Now, that this answer has demonstrated that the book available for purchase or loan in Lebanon. The next question would be, is there a ban that is widely ignored? In other words, is the book "officially or legally prohibited"?
Censorshiplebanon.org, link provided in your question, cites the book as banned by Hezbollah.
Huffingtonpost.com, link provided in your question, cites Hezbollah as the banner too.
Dailystar.com.lb seems to be the originator of this piece of news. Huffington Post and other news articles all quote this as the originator of this news. http://www.ynetnews.com/ also plagiarized Daily Star's article.
So, ignoring Dr. Marling's bad anecdotal experience, online articles seem to be claiming that a ban occurred by Hezbollah.
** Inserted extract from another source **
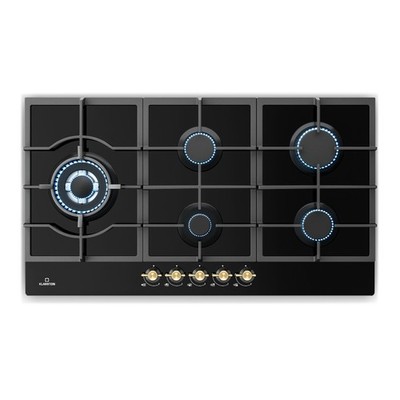 Gaskochfeld 90 cm 5 Flammen Glaskeramik Oberfläche Gas Cooker Hob 11100W Schwarz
Moving on, DailyStar's article is extremely misleading, its title is:
Anne Frank diary censored from Beirut school textbooks for 'Zionist' material
A rational person would understand the title as "Anne Frank diary got banned in Beirut schools".
But in fact, the article just talks about how just one school banned the textbook, and not because of a ban by Hezbollah, but because of the result of a campaign by Hezbollah:
Anne Frank’s diary has been censored out of a school textbook in Lebanon following a campaign by Hizbullah claiming the classic work promotes Zionism.
The most fit article of the event is one by the THE JEWISH CHRONICLE ONLINE titled:
Lebanon school bans 'Zionist' Anne Frank
And said:
A Beirut school has removed a textbook containing excerpts of The Diary of Anne Frankfrom its syllabus after Hizbollah claimed it promotes Zionism.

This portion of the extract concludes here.